*Task brief*
Would you transcribe each of the entries exactly, with nothing added or dropped?

*Provided entries*
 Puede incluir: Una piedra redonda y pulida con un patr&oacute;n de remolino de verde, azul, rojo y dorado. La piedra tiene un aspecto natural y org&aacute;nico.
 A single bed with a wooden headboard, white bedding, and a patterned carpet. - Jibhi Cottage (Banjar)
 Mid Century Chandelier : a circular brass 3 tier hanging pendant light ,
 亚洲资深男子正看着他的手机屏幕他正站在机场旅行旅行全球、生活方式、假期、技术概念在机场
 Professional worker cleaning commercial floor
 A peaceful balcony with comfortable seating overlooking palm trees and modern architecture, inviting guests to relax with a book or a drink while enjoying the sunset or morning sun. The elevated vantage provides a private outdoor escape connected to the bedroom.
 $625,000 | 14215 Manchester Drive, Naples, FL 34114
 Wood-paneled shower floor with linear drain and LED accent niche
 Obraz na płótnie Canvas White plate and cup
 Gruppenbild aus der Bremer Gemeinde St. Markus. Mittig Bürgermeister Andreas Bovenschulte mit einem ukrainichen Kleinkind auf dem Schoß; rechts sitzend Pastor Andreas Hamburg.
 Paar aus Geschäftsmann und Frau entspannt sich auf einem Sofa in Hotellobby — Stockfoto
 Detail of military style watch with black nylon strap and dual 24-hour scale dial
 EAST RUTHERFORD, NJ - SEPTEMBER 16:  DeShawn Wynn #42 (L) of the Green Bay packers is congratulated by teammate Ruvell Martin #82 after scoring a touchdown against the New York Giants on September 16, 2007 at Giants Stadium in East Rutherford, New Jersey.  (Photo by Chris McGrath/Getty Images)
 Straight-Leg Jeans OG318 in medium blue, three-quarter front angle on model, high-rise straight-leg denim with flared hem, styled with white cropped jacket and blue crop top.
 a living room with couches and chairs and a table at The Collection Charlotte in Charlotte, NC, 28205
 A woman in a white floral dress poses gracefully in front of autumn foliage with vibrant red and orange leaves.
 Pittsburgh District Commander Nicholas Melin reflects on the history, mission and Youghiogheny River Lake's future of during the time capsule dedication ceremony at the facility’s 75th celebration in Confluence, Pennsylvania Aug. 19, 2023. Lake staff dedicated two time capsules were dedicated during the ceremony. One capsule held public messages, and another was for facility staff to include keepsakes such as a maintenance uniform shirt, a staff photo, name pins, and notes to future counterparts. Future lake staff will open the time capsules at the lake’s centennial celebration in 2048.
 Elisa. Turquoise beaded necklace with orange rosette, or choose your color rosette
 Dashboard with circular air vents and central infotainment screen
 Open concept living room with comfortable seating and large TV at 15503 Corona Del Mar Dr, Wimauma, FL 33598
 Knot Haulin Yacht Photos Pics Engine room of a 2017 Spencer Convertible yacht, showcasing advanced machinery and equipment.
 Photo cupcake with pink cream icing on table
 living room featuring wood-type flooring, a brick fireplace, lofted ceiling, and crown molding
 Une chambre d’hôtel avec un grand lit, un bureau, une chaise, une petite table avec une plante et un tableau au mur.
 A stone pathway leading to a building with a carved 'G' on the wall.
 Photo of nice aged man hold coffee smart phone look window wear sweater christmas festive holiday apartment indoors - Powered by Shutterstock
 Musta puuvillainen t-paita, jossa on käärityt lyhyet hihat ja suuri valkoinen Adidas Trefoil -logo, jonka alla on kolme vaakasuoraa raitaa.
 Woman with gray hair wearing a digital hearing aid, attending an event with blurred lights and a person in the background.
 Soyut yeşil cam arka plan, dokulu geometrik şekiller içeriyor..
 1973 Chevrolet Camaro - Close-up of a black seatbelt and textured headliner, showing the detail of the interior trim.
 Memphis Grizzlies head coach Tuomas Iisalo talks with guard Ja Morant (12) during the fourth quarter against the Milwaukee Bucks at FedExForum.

*Exercise response*
 Puede incluir: Una piedra redonda y pulida con un patr&oacute;n de remolino de verde, azul, rojo y dorado. La piedra tiene un aspecto natural y org&aacute;nico.
 A single bed with a wooden headboard, white bedding, and a patterned carpet. - Jibhi Cottage (Banjar)
 Mid Century Chandelier : a circular brass 3 tier hanging pendant light ,
 亚洲资深男子正看着他的手机屏幕他正站在机场旅行旅行全球、生活方式、假期、技术概念在机场
 Professional worker cleaning commercial floor
 A peaceful balcony with comfortable seating overlooking palm trees and modern architecture, inviting guests to relax with a book or a drink while enjoying the sunset or morning sun. The elevated vantage provides a private outdoor escape connected to the bedroom.
 $625,000 | 14215 Manchester Drive, Naples, FL 34114
 Wood-paneled shower floor with linear drain and LED accent niche
 Obraz na płótnie Canvas White plate and cup
 Gruppenbild aus der Bremer Gemeinde St. Markus. Mittig Bürgermeister Andreas Bovenschulte mit einem ukrainichen Kleinkind auf dem Schoß; rechts sitzend Pastor Andreas Hamburg.
 Paar aus Geschäftsmann und Frau entspannt sich auf einem Sofa in Hotellobby — Stockfoto
 Detail of military style watch with black nylon strap and dual 24-hour scale dial
 EAST RUTHERFORD, NJ - SEPTEMBER 16:  DeShawn Wynn #42 (L) of the Green Bay packers is congratulated by teammate Ruvell Martin #82 after scoring a touchdown against the New York Giants on September 16, 2007 at Giants Stadium in East Rutherford, New Jersey.  (Photo by Chris McGrath/Getty Images)
 Straight-Leg Jeans OG318 in medium blue, three-quarter front angle on model, high-rise straight-leg denim with flared hem, styled with white cropped jacket and blue crop top.
 a living room with couches and chairs and a table at The Collection Charlotte in Charlotte, NC, 28205
 A woman in a white floral dress poses gracefully in front of autumn foliage with vibrant red and orange leaves.
 Pittsburgh District Commander Nicholas Melin reflects on the history, mission and Youghiogheny River Lake's future of during the time capsule dedication ceremony at the facility’s 75th celebration in Confluence, Pennsylvania Aug. 19, 2023. Lake staff dedicated two time capsules were dedicated during the ceremony. One capsule held public messages, and another was for facility staff to include keepsakes such as a maintenance uniform shirt, a staff photo, name pins, and notes to future counterparts. Future lake staff will open the time capsules at the lake’s centennial celebration in 2048.
 Elisa. Turquoise beaded necklace with orange rosette, or choose your color rosette
 Dashboard with circular air vents and central infotainment screen
 Open concept living room with comfortable seating and large TV at 15503 Corona Del Mar Dr, Wimauma, FL 33598
 Knot Haulin Yacht Photos Pics Engine room of a 2017 Spencer Convertible yacht, showcasing advanced machinery and equipment.
 Photo cupcake with pink cream icing on table
 living room featuring wood-type flooring, a brick fireplace, lofted ceiling, and crown molding
 Une chambre d’hôtel avec un grand lit, un bureau, une chaise, une petite table avec une plante et un tableau au mur.
 A stone pathway leading to a building with a carved 'G' on the wall.
 Photo of nice aged man hold coffee smart phone look window wear sweater christmas festive holiday apartment indoors - Powered by Shutterstock
 Musta puuvillainen t-paita, jossa on käärityt lyhyet hihat ja suuri valkoinen Adidas Trefoil -logo, jonka alla on kolme vaakasuoraa raitaa.
 Woman with gray hair wearing a digital hearing aid, attending an event with blurred lights and a person in the background.
 Soyut yeşil cam arka plan, dokulu geometrik şekiller içeriyor..
 1973 Chevrolet Camaro - Close-up of a black seatbelt and textured headliner, showing the detail of the interior trim.
 Memphis Grizzlies head coach Tuomas Iisalo talks with guard Ja Morant (12) during the fourth quarter against the Milwaukee Bucks at FedExForum.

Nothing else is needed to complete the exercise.